We're discussing the fact that change is happening faster than people can
adapt; that long term jobs won't run out has no bearing on the issue being
discussed, that the rate of automation is happening faster than people can
adjust hurting low wage workers. Beyond that, when intelligent machine are
invented, that fallacy will be outdated, the past is not always prologue.
Intelligent machines are unprecedented in human history, this will invalidate
many old fallacies. Jobs for low skilled people will run out, it's inevitable.

------
LinuxFreedom
A very interesting book to to gain a clear understanding: "Killing the Host"
by Michael Hudson

[http://michael-hudson.com/2015/09/killing-the-host-the-book/](http://michael-
hudson.com/2015/09/killing-the-host-the-book/)

[https://www.youtube.com/watch?v=mH8FWrbzxEs](https://www.youtube.com/watch?v=mH8FWrbzxEs)
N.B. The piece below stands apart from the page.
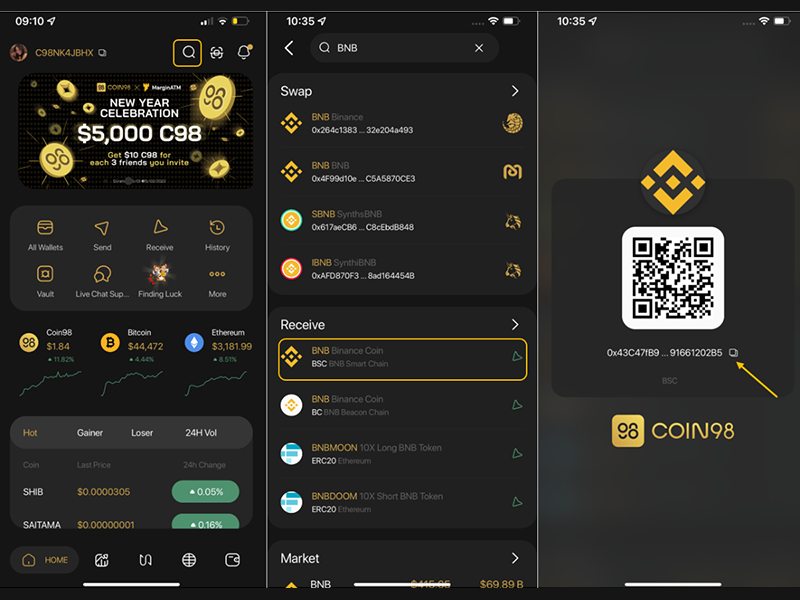 Cách lấy địa chỉ ví Binance Smart Chain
Almost everything Mr. Gatez does is wrong and became a big problem for
humanity - Windows, his investments in GMOs and atomic power and US pharma
companies that are blackmailing poor countries - with this piece the most
important thing he does: justify tax on work as something good. Sure, a few
percent of taxes are used for public wealth (good thing!), but the biggest
part nowadays is extracted and transformed into profits for rich individuals
and companies.

As democratic control of how taxes are used seems to be of no interest for the
public, the system that was built for more participation is transformed into a
profit-extracting machine for international criminal organizations.

But maybe the robot tax idea can trigger a general discussion about what
should be taxed and what not. Please add the book by Mr. Hudson to these
discussions.

------
martalist
First question, how do you define a robot?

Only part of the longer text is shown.